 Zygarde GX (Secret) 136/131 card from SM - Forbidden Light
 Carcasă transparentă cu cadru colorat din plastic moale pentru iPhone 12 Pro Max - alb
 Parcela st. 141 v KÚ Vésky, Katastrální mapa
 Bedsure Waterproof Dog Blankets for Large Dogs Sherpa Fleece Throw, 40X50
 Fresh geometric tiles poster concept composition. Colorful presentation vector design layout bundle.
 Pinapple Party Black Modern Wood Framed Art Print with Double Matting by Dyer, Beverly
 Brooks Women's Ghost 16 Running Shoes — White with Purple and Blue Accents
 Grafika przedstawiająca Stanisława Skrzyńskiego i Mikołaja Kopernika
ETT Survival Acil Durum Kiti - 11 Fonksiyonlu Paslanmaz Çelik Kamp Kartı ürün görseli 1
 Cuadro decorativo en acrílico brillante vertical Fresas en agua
==
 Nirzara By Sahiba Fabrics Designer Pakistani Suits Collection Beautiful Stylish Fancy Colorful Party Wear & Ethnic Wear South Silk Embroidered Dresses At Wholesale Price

[Exercise instructions]
From the line containing "Bedsure Waterproof Dog" down to the line containing "Pinapple Party Black" in the material above, reproduce every line exactly, including the two end lines.

[Exercise response]
 Bedsure Waterproof Dog Blankets for Large Dogs Sherpa Fleece Throw, 40X50
 Fresh geometric tiles poster concept composition. Colorful presentation vector design layout bundle.
 Pinapple Party Black Modern Wood Framed Art Print with Double Matting by Dyer, Beverly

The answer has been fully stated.